■ **Task**: Below are some entries. Repeat exactly the lines from the one with "太阳部落绽放彝族赛装节 放歌彩云之南受追捧" through the one with "Interior - Rustic Barn Venue (Zephyr)", and only those.

■ **Data shown**:

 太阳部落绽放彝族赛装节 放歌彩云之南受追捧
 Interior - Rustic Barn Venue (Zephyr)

---

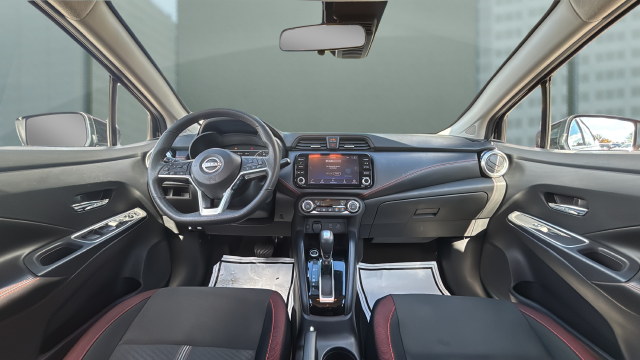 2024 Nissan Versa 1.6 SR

■ **Output of the task**:
 太阳部落绽放彝族赛装节 放歌彩云之南受追捧
 Interior - Rustic Barn Venue (Zephyr)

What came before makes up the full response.